Knowledge distillation is a model compression technique where a small 'student' model is trained to mimic the outputs, intermediate representations, or reasoning patterns of a much larger 'teacher' model. The result is a compact model that captures most of the teacher's capability while being dramatically cheaper to run. In 2026, distillation is the primary technique behind the small language model revolution — Phi-3, Llama 3.2, and DeepSeek's most efficient models are all heavily distilled from larger teachers.
The core idea: soft labels vs. hard labels
Standard supervised training gives a model hard labels: 'this is a cat, label=1.' Distillation uses soft labels — the full probability distribution the teacher assigns to every possible output. These soft distributions contain far more information than a single label: they reveal the teacher's uncertainty, secondary predictions, and the relationships between classes.
Hinton et al. (2015) distillation loss: a weighted sum of (1) standard cross-entropy with the ground truth, and (2) KL divergence between the teacher and student output distributions at temperature T. Temperature T > 1 softens the distributions, amplifying information in the non-maximum logits. α balances the two objectives.

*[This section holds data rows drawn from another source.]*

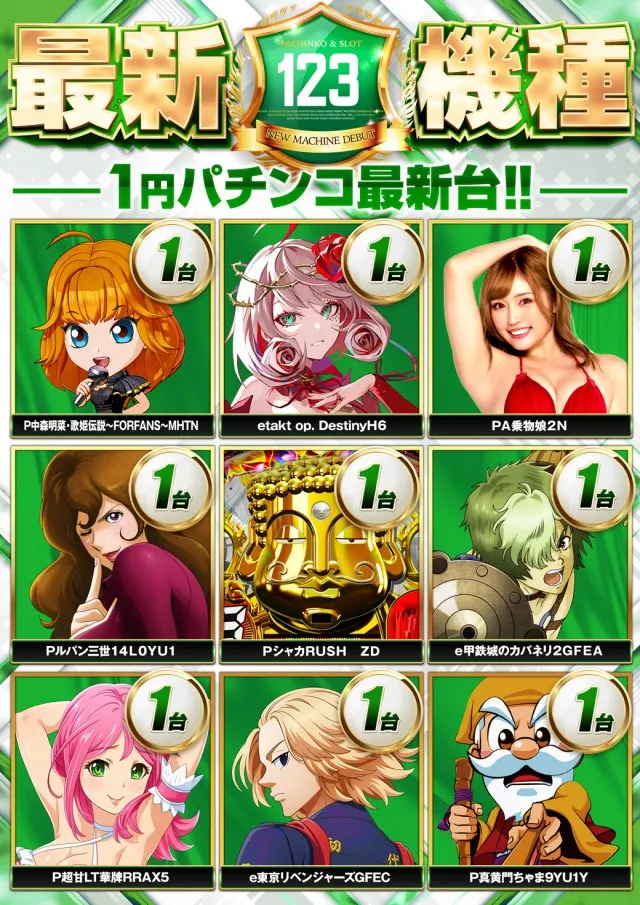 123千林店の最新情報画像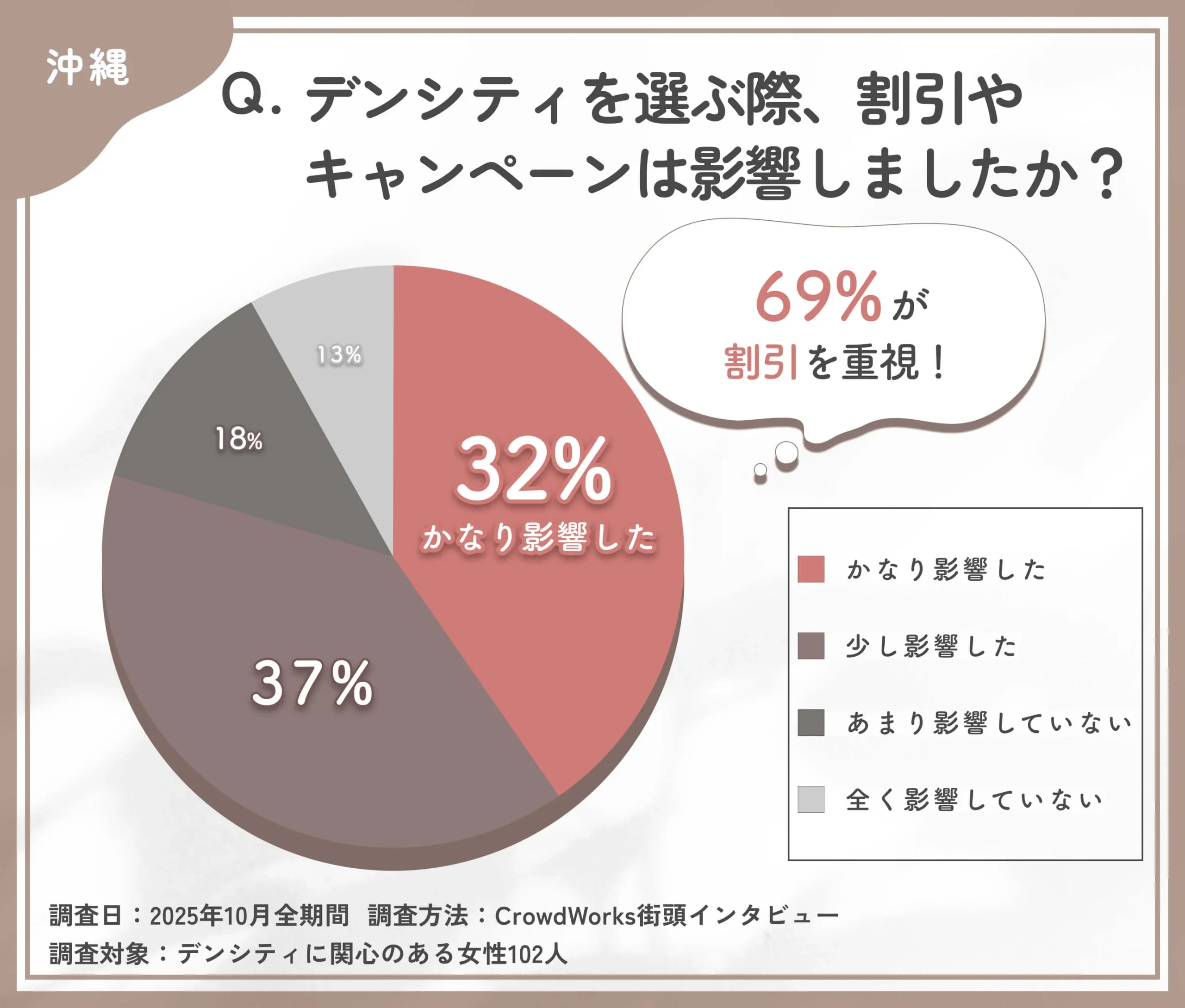 デンシティ選択時の割引の影響に関するアンケート調査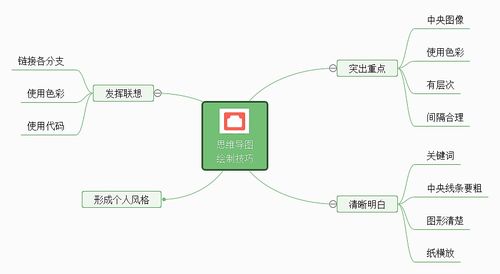 迅捷思维导图绘制虚线操作指南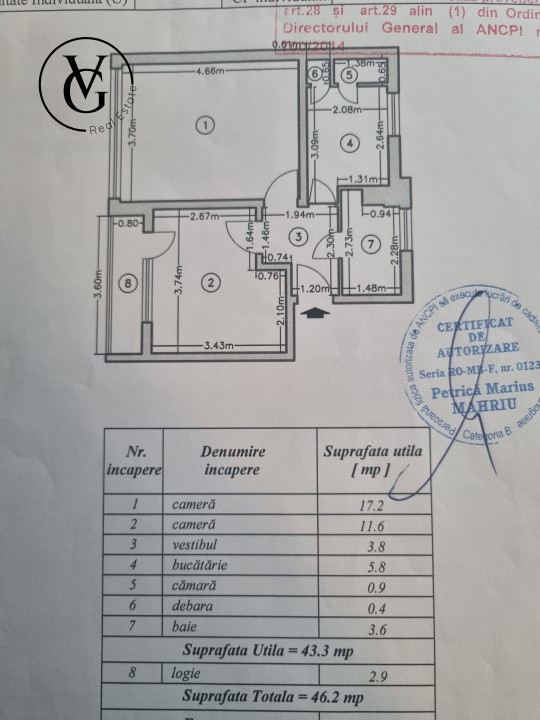 Apartament cu 2 camere - zona Tineretului - Cantemir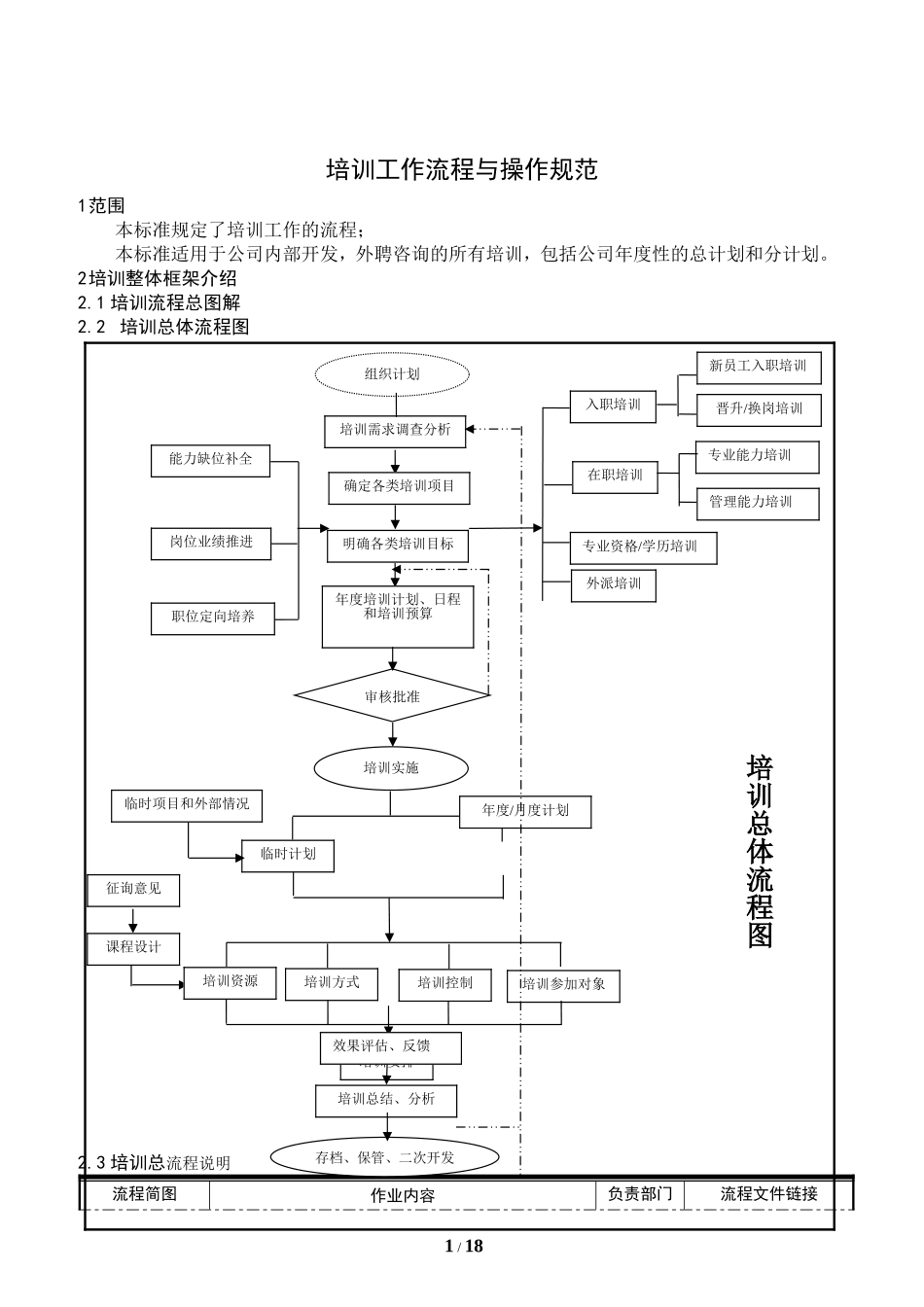 1-培训工作流程图与操作规范_第3页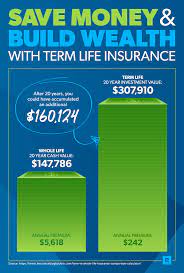 Maybe you would like to learn more about one of these? Term Life Vs Whole Life Insurance Daveramsey Com Life Insurance Marketing Whole Life Insurance Life Insurance Facts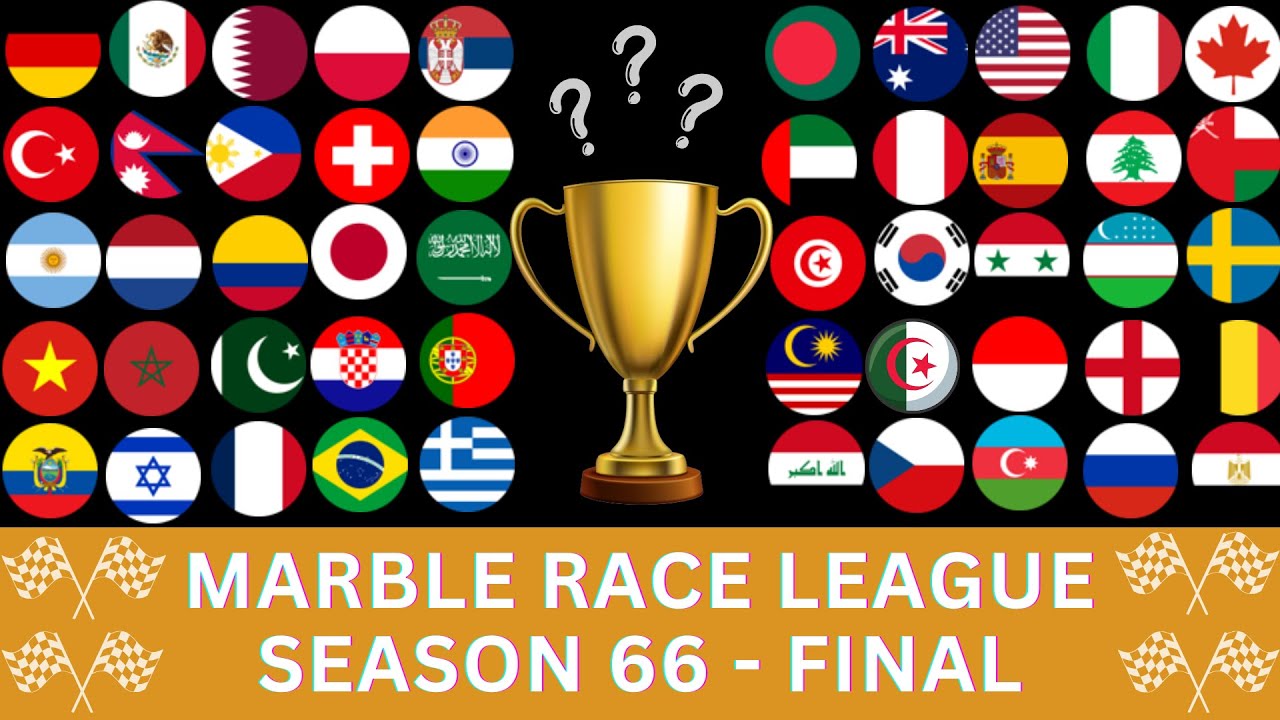 Финальная гонка Marble Race League, сезон 66, в Альгоду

| Training signal | Information content | Example |
|---|---|---|
| Hard label (standard training) | Binary — right or wrong | "cat" = 1, everything else = 0 |
| Teacher soft label (distillation) | Rich — reveals relationships | "cat" = 0.92, "lynx" = 0.05, "dog" = 0.02, "car" = 0.001 |
| Intermediate features | Richer — match internal representations layer by layer | Student layer 4 output ≈ Teacher layer 12 output (feature distillation) |
| Reasoning traces | Richest — match step-by-step thinking | Student generates same chain-of-thought steps as teacher (chain-of-thought distillation) |
Types of distillation used in modern LLMs
| Type | What is matched | How it works | Used in |
|---|---|---|---|
| Response distillation (black-box) | Final outputs only | Generate teacher outputs; train student on those outputs as supervised data | DeepSeek-R1 distilled models; most SLMs fine-tuned on GPT-4 outputs |
| Logit distillation (white-box) | Full output probability distributions | Requires access to teacher logits (not just text); uses KL divergence loss | Internal lab distillation pipelines; not possible with closed APIs |
| Feature distillation | Intermediate hidden states | Add auxiliary loss: student layer i output ≈ teacher layer j output | TinyBERT; DistilBERT; efficient vision models |
| Chain-of-thought distillation | Reasoning traces / thinking steps | Fine-tune student on teacher's step-by-step reasoning, not just final answers | Key to DeepSeek-R1 distillation; creates small reasoning models |
| Speculative decoding | Functional: student drafts tokens, teacher verifies | Not classic distillation but uses a small student as a draft model; teacher corrects in batches | GPT-4 inference optimization; Llama production serving |
Response distillation pipeline — the most practical form: fine-tune a small model on teacher outputs
from datasets import Dataset
from transformers import AutoTokenizer, AutoModelForCausalLM, TrainingArguments
from trl import SFTTrainer
import anthropic
import json
# ── Step 1: Generate teacher outputs ─────────────────────────────────────
client = anthropic.Anthropic()
def get_teacher_response(prompt: str) -> str:
"""Get a high-quality response from Claude Sonnet (the teacher)."""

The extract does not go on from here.